History

Algeria commemorates 1961 Paris massacre

by APA

Rebuffing controversial statements by France’s president about the colonial period in Algeria, the nation’s parliament Saturday said that on a single day in 1961, some 300 peaceful Algerians were massacred by the French police, APA reports quoting APA reports quoting Anadolu Agency.

A special session of the National People’s Assembly, the lower house of Algeria’s parliament, was held to mark the 60th anniversary of the Oct. 17, 1961 massacre in Paris, when peaceful demonstrators supporting the independence movement in their country were suppressed by the French police.

 

The massacre, according to Parliament Speaker Ibrahim Boughali, remains a shameful stain on France, because crimes against humanity do not expire.

A statement by the Algerian Information Ministry stated that the Algerian demonstrators in France were civilians who were subjected to brutality, torture, and killing.

“In a country that falsely markets itself as a human rights defender, the intervention against the demonstrators left 300 dead, including women, children, and the elderly,” the statement said.

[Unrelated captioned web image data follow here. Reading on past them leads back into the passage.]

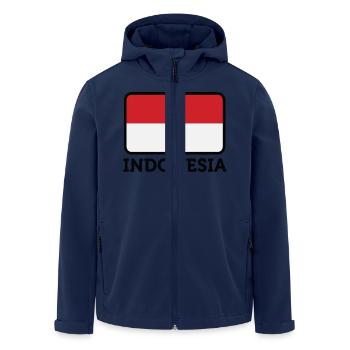 Drapeau national de l Indonésie - Veste softshell homme en polyester recyclé Stanley/Stella - marine - Devant - AI Model Male 185 light (185cm)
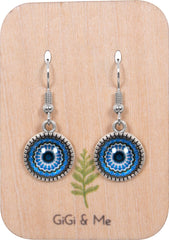 Mandala Drop Earrings in Ornate Silver - EDOS034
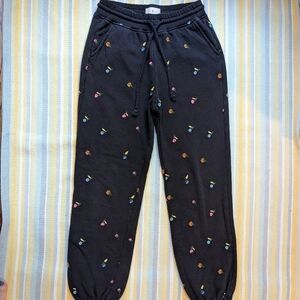⭐ Lou & Grey Flower floral embroidered Terry Sweats Joggers size XS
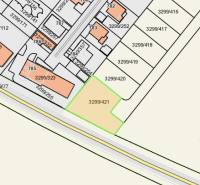 Királyrév kereskedelmi ingatlan kataszteri térképe - kiemelt telek a 3299/421-es számmal.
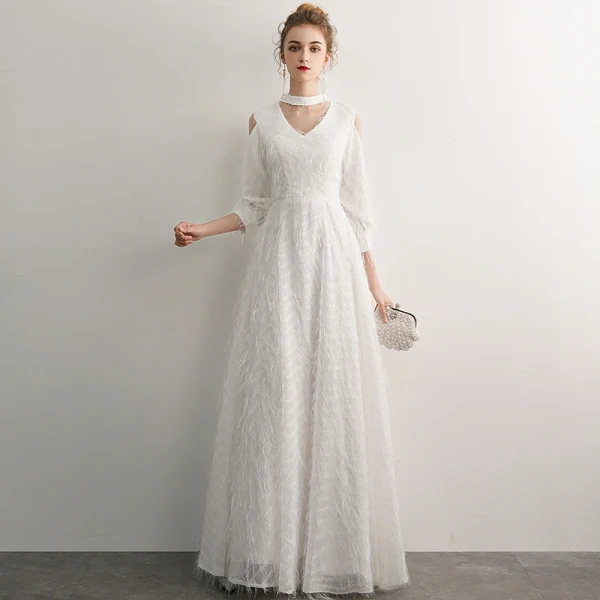 Élégant Ivoire Robe De Soirée 2019 Princesse Encolure Dégagée Gland 3/4 Manches Longue Robe De Ceremonie
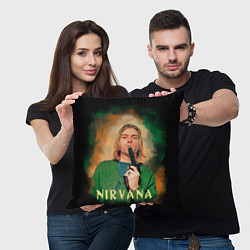 Подушка квадратная Nirvana - Kurt Cobain with a gun, цвет: 3D-принт — фото 2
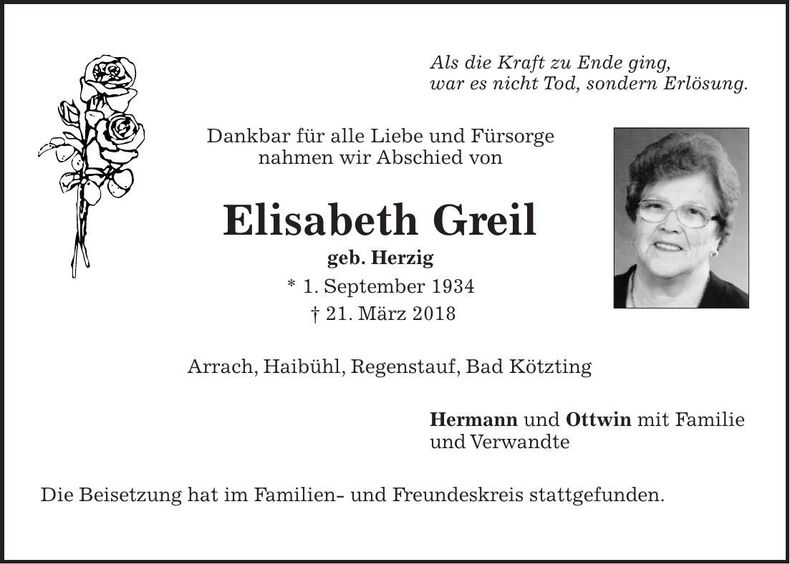 Traueranzeige Elisabeth Greil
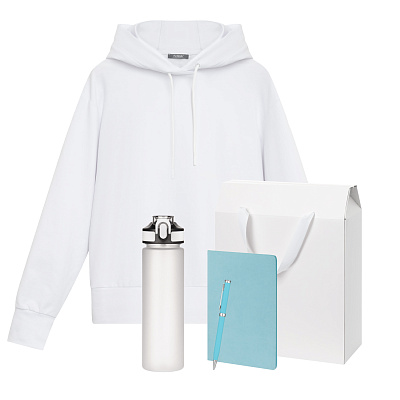 Набор с одеждой ALEX (худи, бутылка, блокнот, ручка), голубой, L (Голубой, белый)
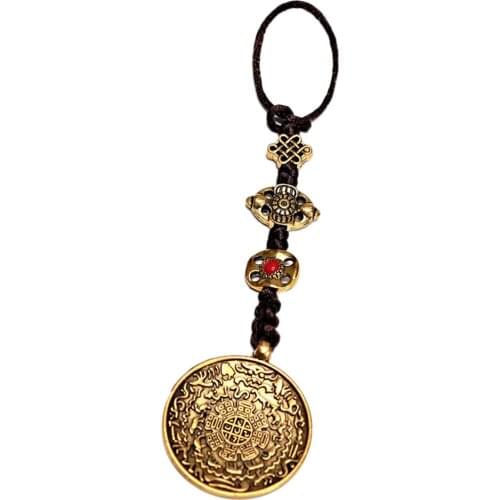 Nepal Eight-diagram-shaped Smooth Back Pendant Collectable 3.3cm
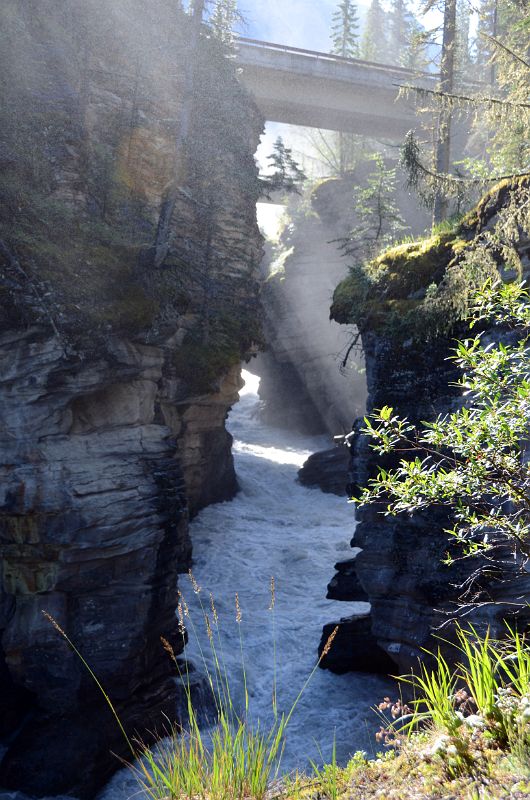 20 Looking Back Up At Walkway Over Athabasca River At Athabasca Falls On Icefields Parkway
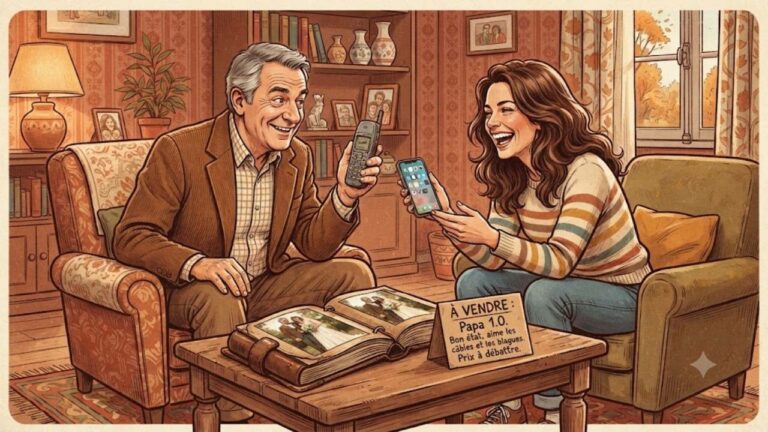Blague du père connecté : un père souriant et malicieux face à sa fille adulte qui tient un smartphone, dans un salon chaleureux - la chute « mets ton mari sur le Bon Coin »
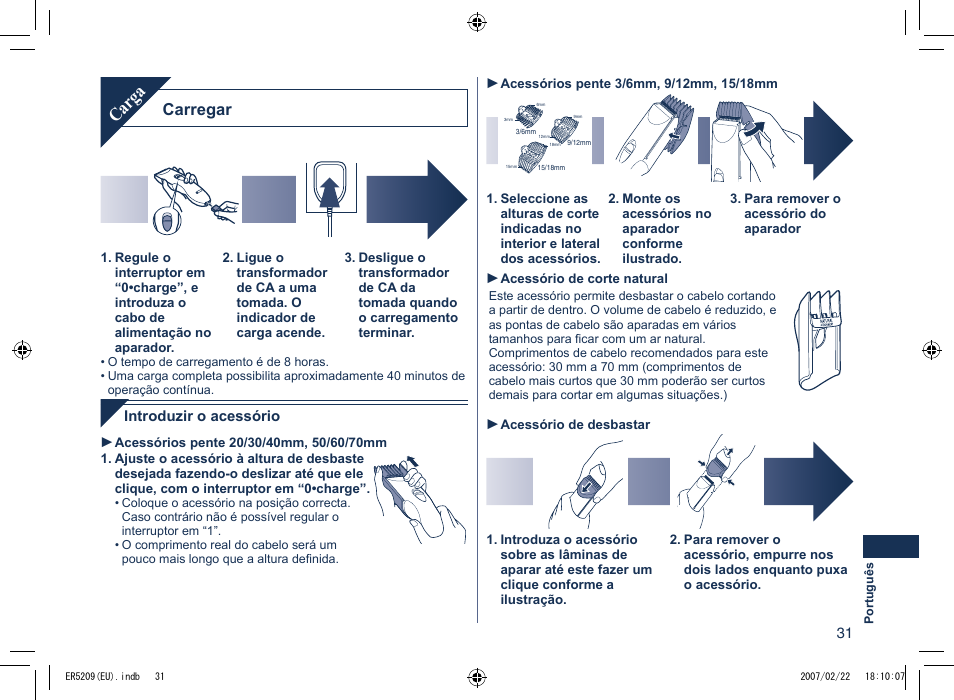 Carga, Carregar | Panasonic ER5209 User Manual | Page 31 / 41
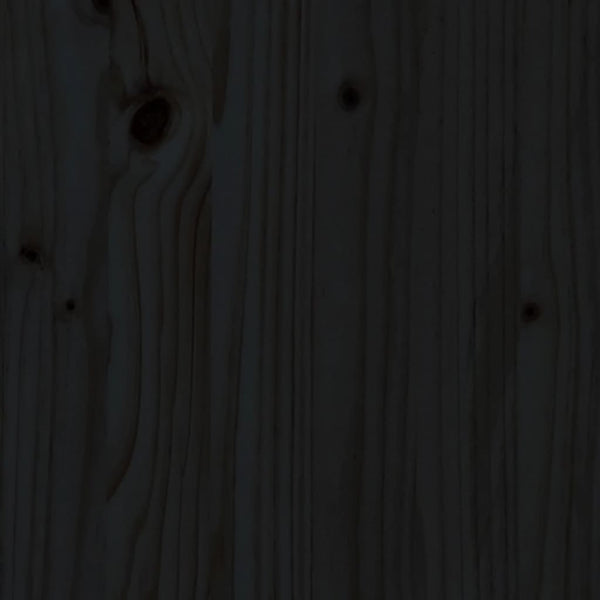 Massivholzbett Schwarz 180x200 cm mit Kopfteil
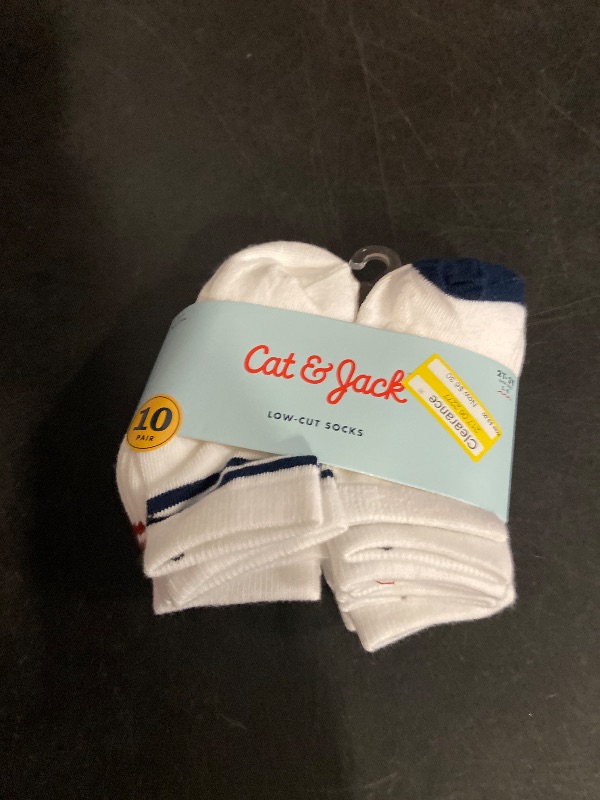 Photo 1 of 2T-3T Toddler 10pk Striped Ankle Socks - Cat & Jack™ 2T-3T: Knit Midweight Fabric, Rib Cuffs, Machine Washable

The memory of the Paris massacre, when the demonstrators were killed and thrown into the Seine River for supporting the Algerian War of Independence, is still alive after 60 years, it added.

According to the statement, France tried to hide the scale of the massacre for 37 years, falsely announcing in 1998 that only 40 people had been killed in the protests.

On Oct. 17, 2001, 40 years after the massacre, the Paris mayor erected a plaque at Pont Saint-Michel in remembrance of the lives lost.

Earlier this month Emmanuel Macron, France’s president, said: “The building of Algeria as a nation is a phenomenon worth watching. Was there an Algerian nation before French colonization? That is the question.”

The remarks were criticized by Turkish leaders and others as being a cheap demagogic ploy ahead of next year’s elections.